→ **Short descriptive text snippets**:
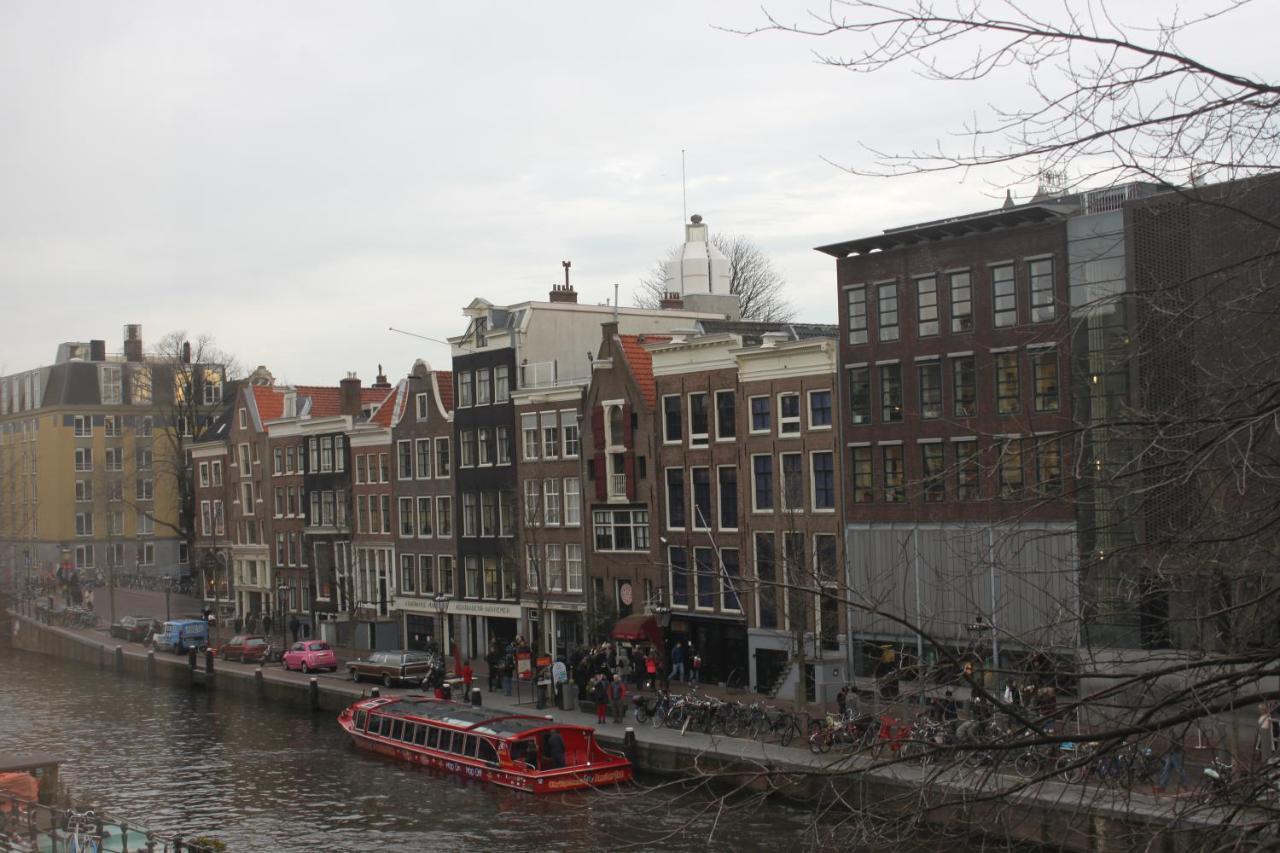 Former Rembrandt Workshop Two Bedroom B&B أمستردام المظهر الخارجي الصورة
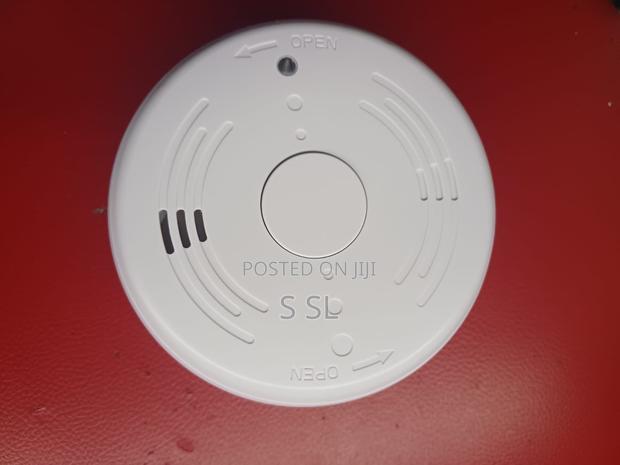 Buy Standalone Smoke Alarm In Kenya | Easy-to-install Fire Alarm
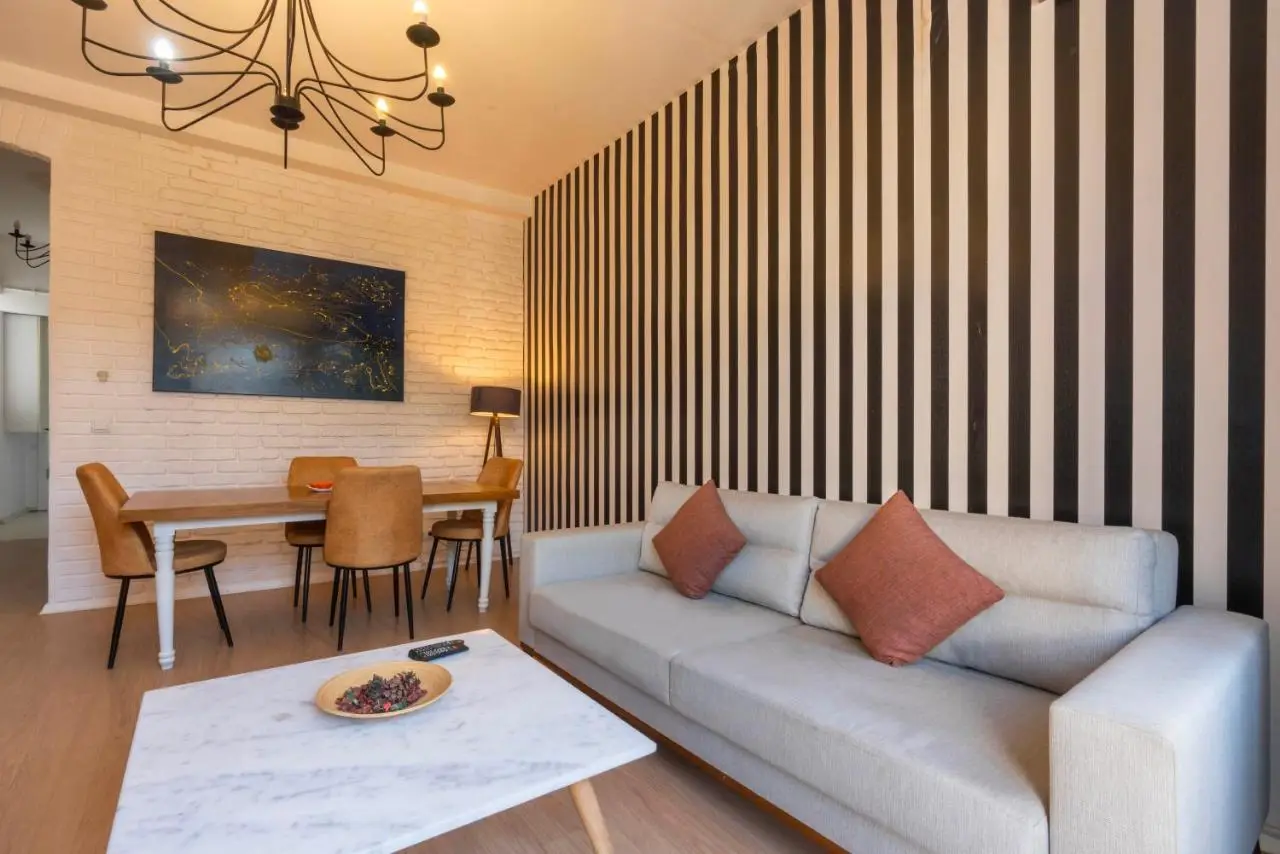 5 Apartment Galata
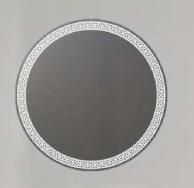 Hot-Selling Round Lighted Bathroom Mirror LED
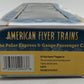 American Flyer 6-49973 S Scale Polar Express Baggage Car LN/Box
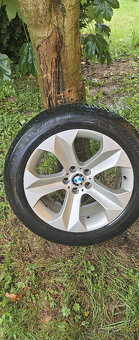Originální 19" kola na BMW X6 - 7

→ **Your goal**: Each record above should be returned unchanged, except that the pictures are dropped.

→ **Task output**:
 Former Rembrandt Workshop Two Bedroom B&B أمستردام المظهر الخارجي الصورة
 Buy Standalone Smoke Alarm In Kenya | Easy-to-install Fire Alarm
 5 Apartment Galata
 Hot-Selling Round Lighted Bathroom Mirror LED
 American Flyer 6-49973 S Scale Polar Express Baggage Car LN/Box
Originální 19" kola na BMW X6 - 7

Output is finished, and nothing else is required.